*** Opening Dataset extract ***

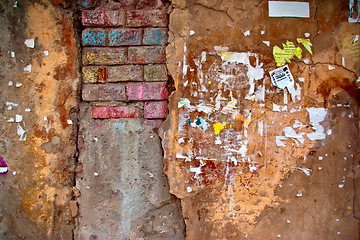 Image showing Grungy Concrete Old Texture Wall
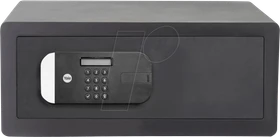 Yale YLFM/200/EG1 Maximum Security Safe Laptop Tresor, Schlüsselschloss/elektronisches Zahlenschloss/Fingerprintreader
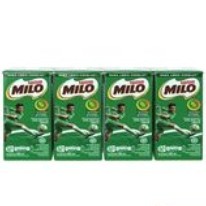 Susu - Milo Healty drink Uht Combo pack aktiv-Go 4x180ml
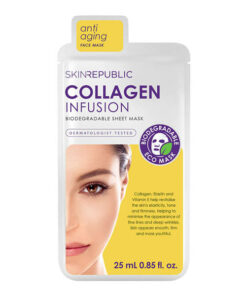 Skin Republic Biodegradable Collagen Infusion Face Mask Sheet
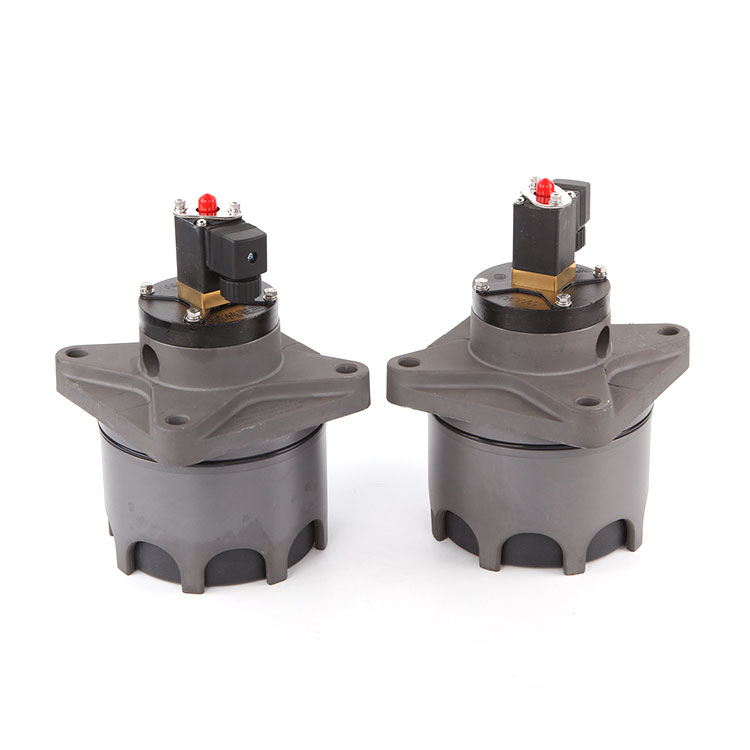 Pulvis remotionem pulsus solenoid valvae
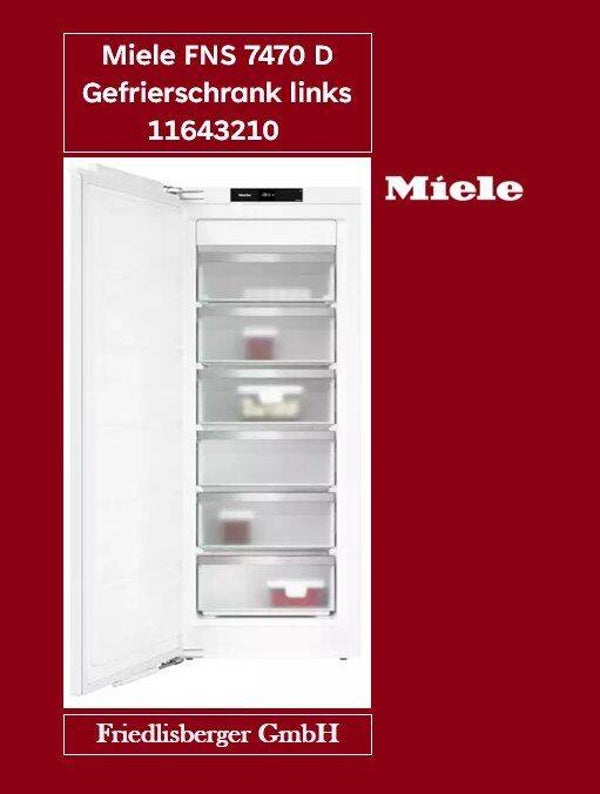 Miele FNS 7470 D Gefrierschrank links 11643210
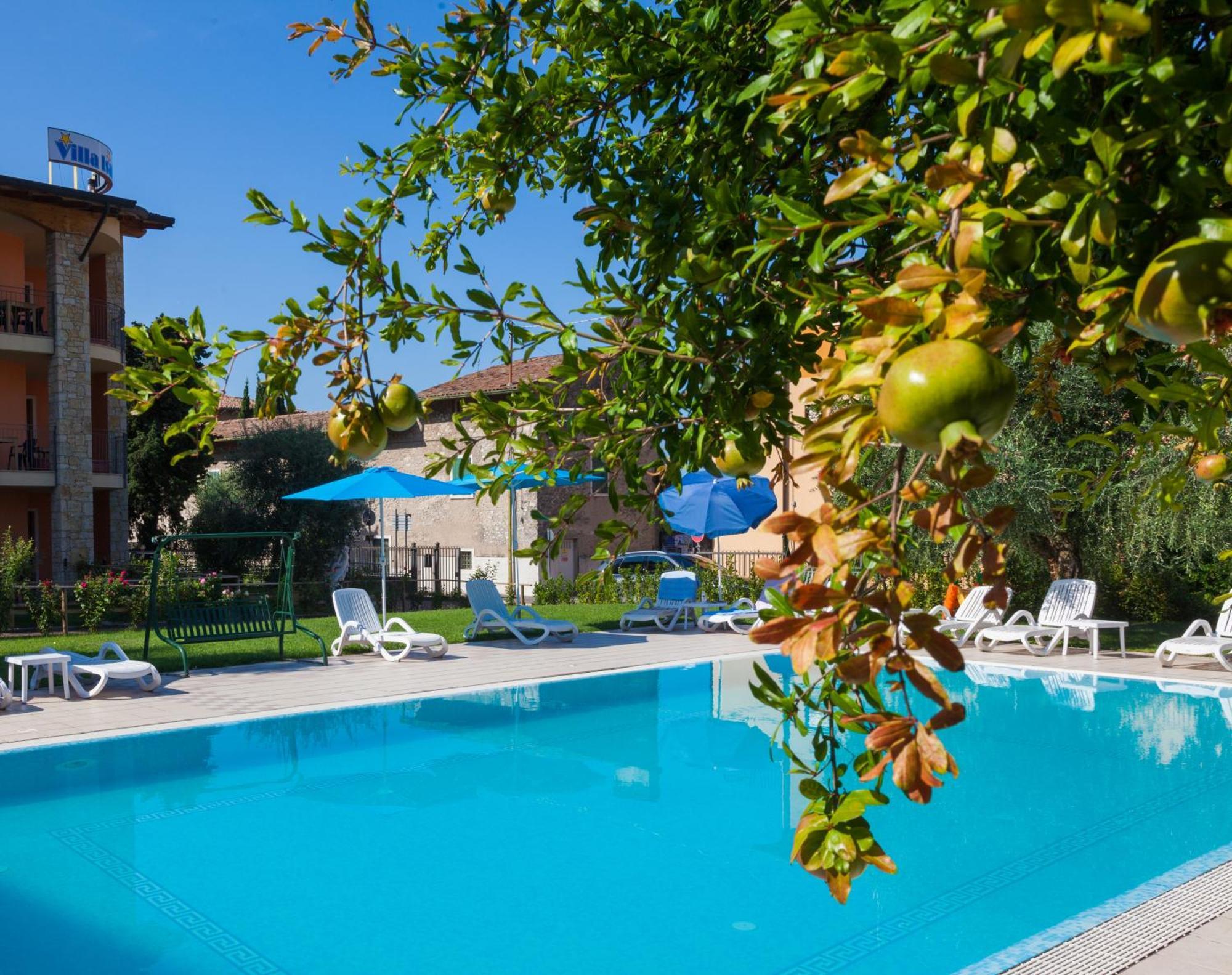 Hotel Villa Isabella Brenzone sul Garda Dış mekan fotoğraf
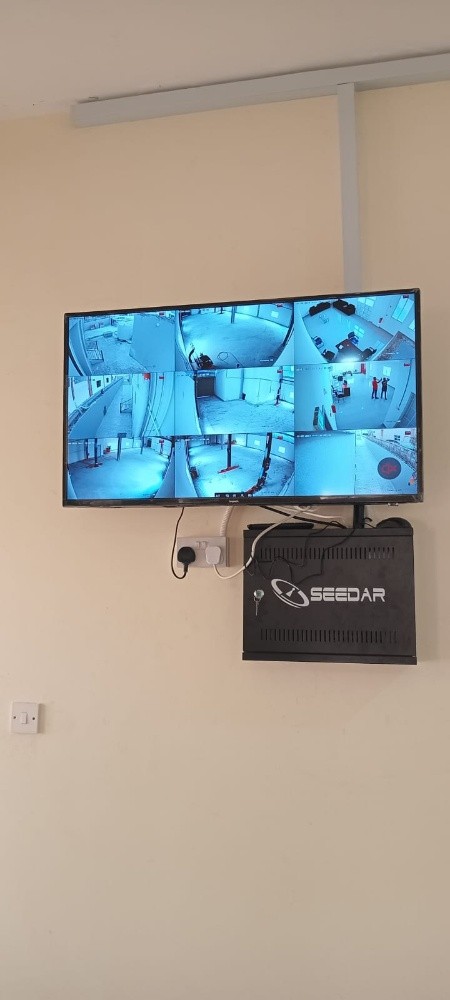 CCTV CAMERA WORK - 1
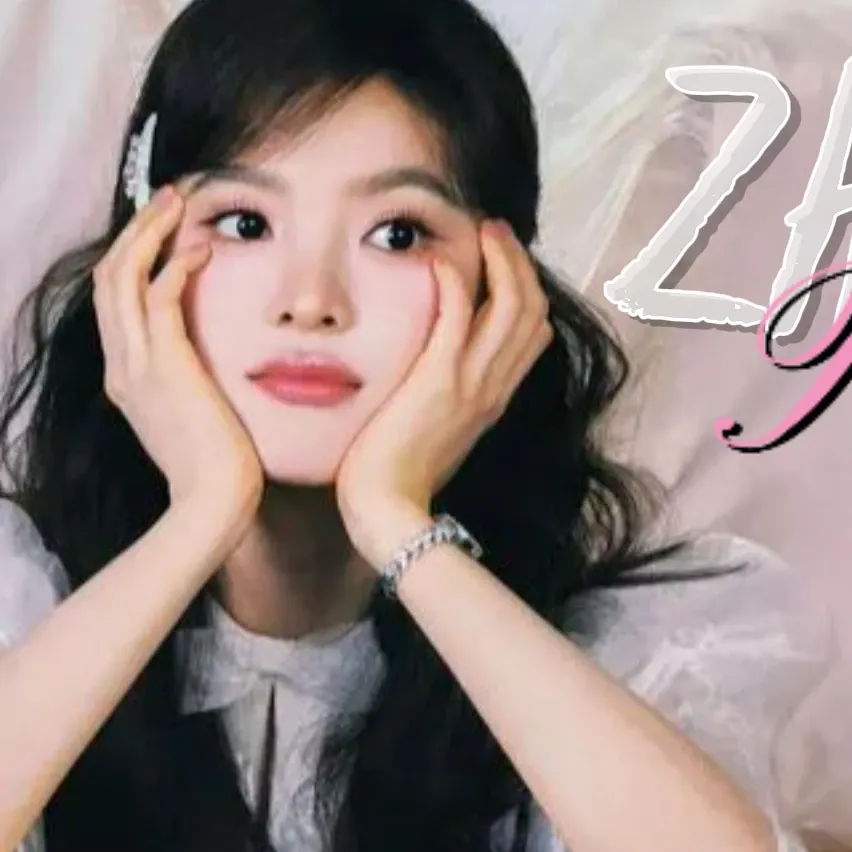 Behind-the-scenes cut of Zhang Ruonan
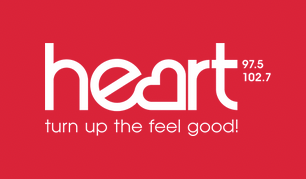 Logo de Heart Crawley & Surrey 102.7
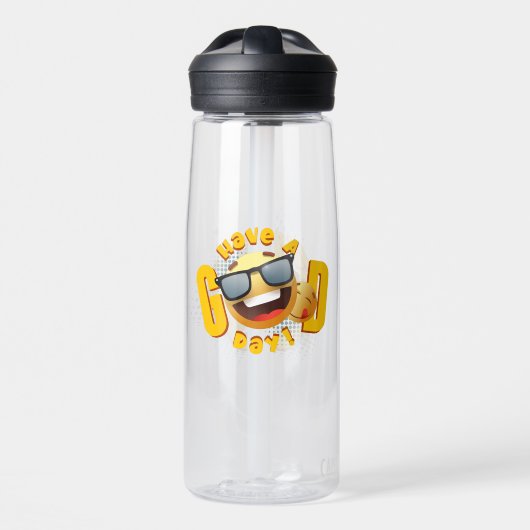 Prettige dag | 740ml waterfles (Voorkant)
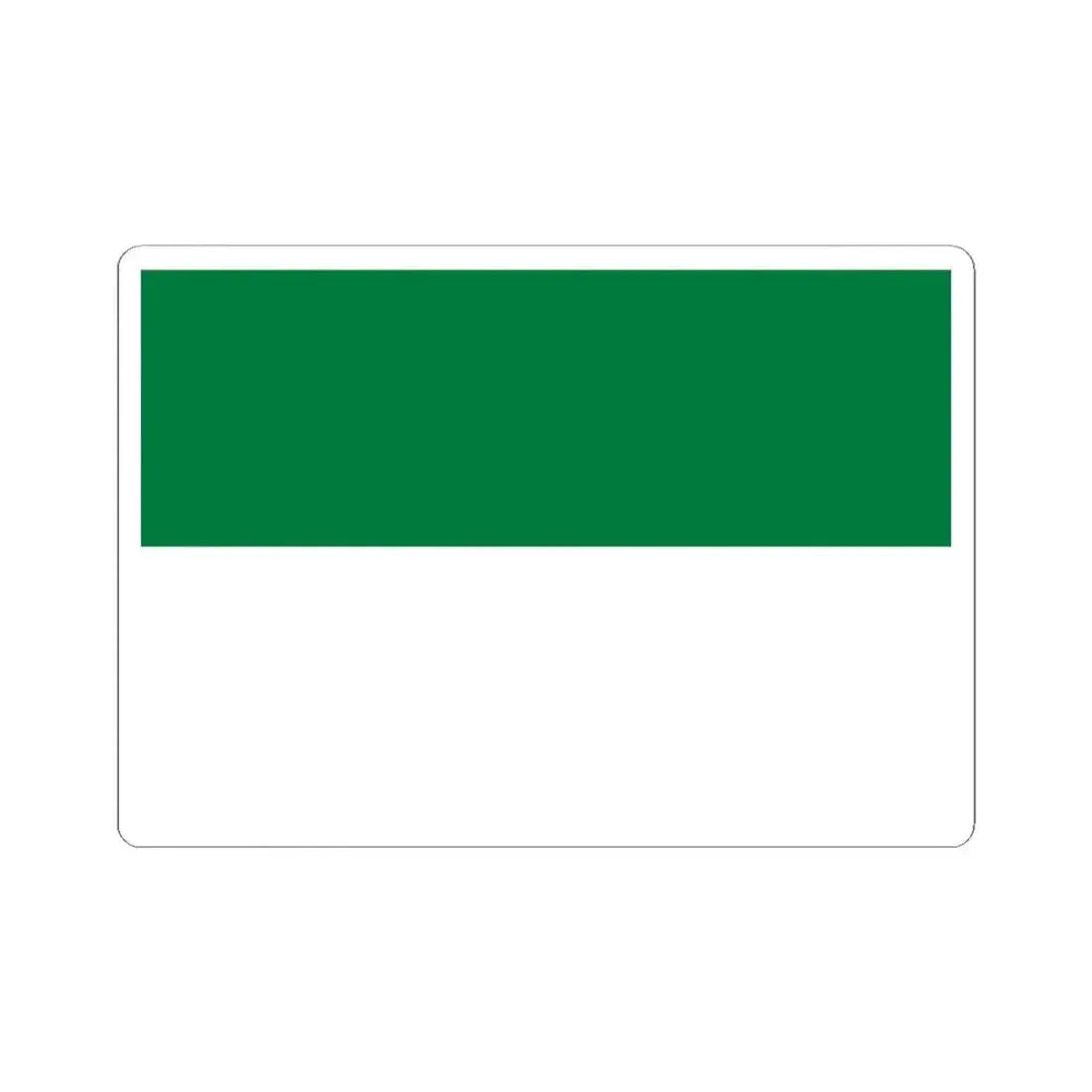 Flag of Chapare Province (Bolivia) STICKER Vinyl Kiss-Cut Decal 2 Inch White - The Sticker Space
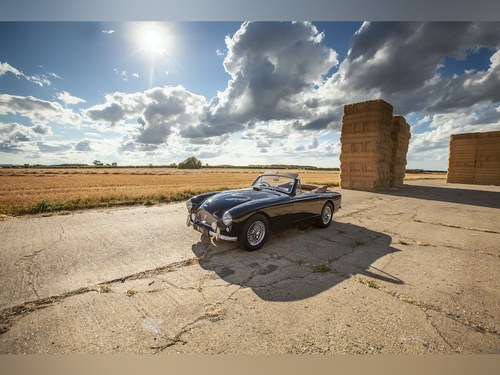 1958 ASTON MARTIN DB MKIII Drophead - 1 of 2 with DBB engine For Sale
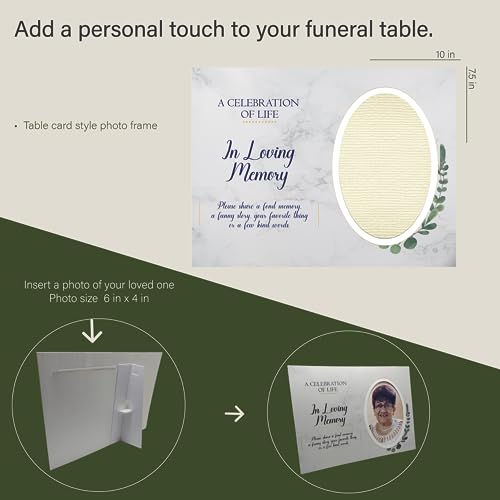 RM Group Funeral Guest Book for Memorial Service - Guestbook for Funeral - Memorial Books for Funeral - Funeral Guest Books Celebration of Life - Memorial Guest Book for Celebration of Life.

*** Closing Dataset extract ***

▸ What is required
Could the entries above be restated word for word, with the pictures left out?

▸ Worked solution
 Image showing Grungy Concrete Old Texture Wall
 Yale YLFM/200/EG1 Maximum Security Safe Laptop Tresor, Schlüsselschloss/elektronisches Zahlenschloss/Fingerprintreader
 Susu - Milo Healty drink Uht Combo pack aktiv-Go 4x180ml
 Skin Republic Biodegradable Collagen Infusion Face Mask Sheet
 Pulvis remotionem pulsus solenoid valvae
 Miele FNS 7470 D Gefrierschrank links 11643210
 Hotel Villa Isabella Brenzone sul Garda Dış mekan fotoğraf
 CCTV CAMERA WORK - 1
 Behind-the-scenes cut of Zhang Ruonan
 Logo de Heart Crawley & Surrey 102.7
 Prettige dag | 740ml waterfles (Voorkant)
 Flag of Chapare Province (Bolivia) STICKER Vinyl Kiss-Cut Decal 2 Inch White - The Sticker Space
 1958 ASTON MARTIN DB MKIII Drophead - 1 of 2 with DBB engine For Sale
 RM Group Funeral Guest Book for Memorial Service - Guestbook for Funeral - Memorial Books for Funeral - Funeral Guest Books Celebration of Life - Memorial Guest Book for Celebration of Life.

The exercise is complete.